Conda / conda forge Data Science Deep Learning Machine-Learning Scientific Libraries (Numpy/Pandas/SciKit/...)

See in schedule Download/View Slides

Docker has become a standard tool for developers around the world to deploy applications in a reproducible and robust manner. The existence of Docker and Docker compose have reduced the time needed to set up new software and implementing complex technology stacks for our applications. Now, six years after the initial release of Docker, we can say with confidence that containers and containers orchestration have become some of the defaults in the current technology stacks.

There are thousands of tutorials and getting started documents for those wanting to adopt Docker for apps deployment. However, if you are a Data Scientist, a researcher or someone working on scientific computing wanting to adopt Docker, the story is quite different. There are very few tutorials (in comparison to app/web) and documents focused on Docker best practices for DS and scientific computing. If you are working on DS, ML or scientific computing, this talk is for you. We'll cover best practices when building Docker containers for data-intensive applications, from optimising your image build, to ensuring your containers are secure and efficient deployment workflows. We will talk about the most common problems faced while using Docker with data intensive applications and how you can overcome most of them. Finally I'll give some practical and useful tips for you to improve your Docker workflows and practises.

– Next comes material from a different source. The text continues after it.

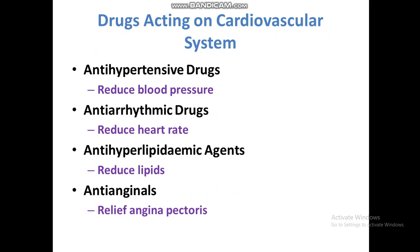Drugs acting on the cardiovascular system. There are different drugs used for cardiovascular diseases. Anti-hypertensive drugs are used to reduce blood pressure — they release water from the blood, reducing blood volume and thus decreasing blood pressure; they are also called diuretics. Anti-arrhythmic drugs reduce heart rate or heart rhythm.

Attendees will leave the talk feeling confident about adopting Docker across a range of DS, ML and research projects.

Who and Why (audience)
This talk is designed for folks working in data-intensive environments (i.e. Machine Learning, Data Science, research and scientific computing) and that are either using Docker or want to learn more about how to use Docker in these environments. Attendees will leave the talk feeling confident about adopting Docker in their workflows as well as have acquired several best practices and guidelines to do this robustly.
Introduction (5 minutes)
About me
When is Docker the right choice?
Docker for all Python users: introduction to Docker in Machine Learning (ML), Data Science (DS) and research contexts
The usual culprits
Optimising for data-oriented application (10 minutes)
Creating a data-oriented Docker image - how is this different from an app/web image?
Choosing the right base image - set yourself for success
Dependencies, volumes and code best practices
Security and performance (10 minutes)
Finding vulnerabilities in your images
Image consistency and reproducibility
Optimising image building - cache and image size considerations
Do not reinvent the wheel - automate! (10 minutes)
Consider tools to assist with Dockerfile generation - e.g. repo2docker, dokta
Creating templates for projects
Automating image build and publishing - e.g. GitHub actions
Automated deployment strategies - going from local to deploying your containerised application
Conclusions (5 minutes)
Top 10 best practices when working with Docker and Python for DS/ML and research
Additional resources
Thanks and getting in touch

Type: Talk (45 mins); Python level: Intermediate; Domain level: Beginner


Tania Allard

Microsoft

Tania is a Research Engineer and developer advocate with vast experience in academic research and industrial environments. Her main areas of expertise are within data-intensive applications, scientific computing, and machine learning. One of her main areas of expertise is the improvement of processes, reproducibility and transparency in research, data science and artificial intelligence.
She is passionate about mentoring, open source, and its community and is involved in a number of initiatives aimed to build more diverse and inclusive communities. She is also a contributor, maintainer, and developer of a number of open source projects and the Founder of Pyladies NorthWest UK.